- **Your goal**: Up to and including the line that contains "MEDICOM TOY (メディコム・トイ)", repeat each line of the data exactly, starting from the first.

** Material provided follows **

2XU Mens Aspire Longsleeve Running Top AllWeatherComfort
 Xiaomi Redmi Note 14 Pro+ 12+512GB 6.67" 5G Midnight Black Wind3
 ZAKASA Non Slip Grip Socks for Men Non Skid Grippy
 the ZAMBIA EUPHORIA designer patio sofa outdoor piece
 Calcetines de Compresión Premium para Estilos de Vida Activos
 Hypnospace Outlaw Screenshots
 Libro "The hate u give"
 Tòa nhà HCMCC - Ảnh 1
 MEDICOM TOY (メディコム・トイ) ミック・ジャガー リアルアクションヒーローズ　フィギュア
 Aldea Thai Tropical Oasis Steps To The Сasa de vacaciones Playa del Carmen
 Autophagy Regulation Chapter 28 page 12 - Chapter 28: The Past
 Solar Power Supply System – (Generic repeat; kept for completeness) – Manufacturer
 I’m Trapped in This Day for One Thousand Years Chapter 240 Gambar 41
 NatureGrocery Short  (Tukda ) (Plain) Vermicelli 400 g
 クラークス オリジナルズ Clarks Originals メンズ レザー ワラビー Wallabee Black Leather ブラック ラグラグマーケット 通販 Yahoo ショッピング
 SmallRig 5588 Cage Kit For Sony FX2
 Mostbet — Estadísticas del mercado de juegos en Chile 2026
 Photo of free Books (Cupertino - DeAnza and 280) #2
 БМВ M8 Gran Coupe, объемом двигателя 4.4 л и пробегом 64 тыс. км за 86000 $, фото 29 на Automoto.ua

** End of Material provided **

- **Solution**:
2XU Mens Aspire Longsleeve Running Top AllWeatherComfort
 Xiaomi Redmi Note 14 Pro+ 12+512GB 6.67" 5G Midnight Black Wind3
 ZAKASA Non Slip Grip Socks for Men Non Skid Grippy
 the ZAMBIA EUPHORIA designer patio sofa outdoor piece
 Calcetines de Compresión Premium para Estilos de Vida Activos
 Hypnospace Outlaw Screenshots
 Libro "The hate u give"
 Tòa nhà HCMCC - Ảnh 1
 MEDICOM TOY (メディコム・トイ) ミック・ジャガー リアルアクションヒーローズ　フィギュア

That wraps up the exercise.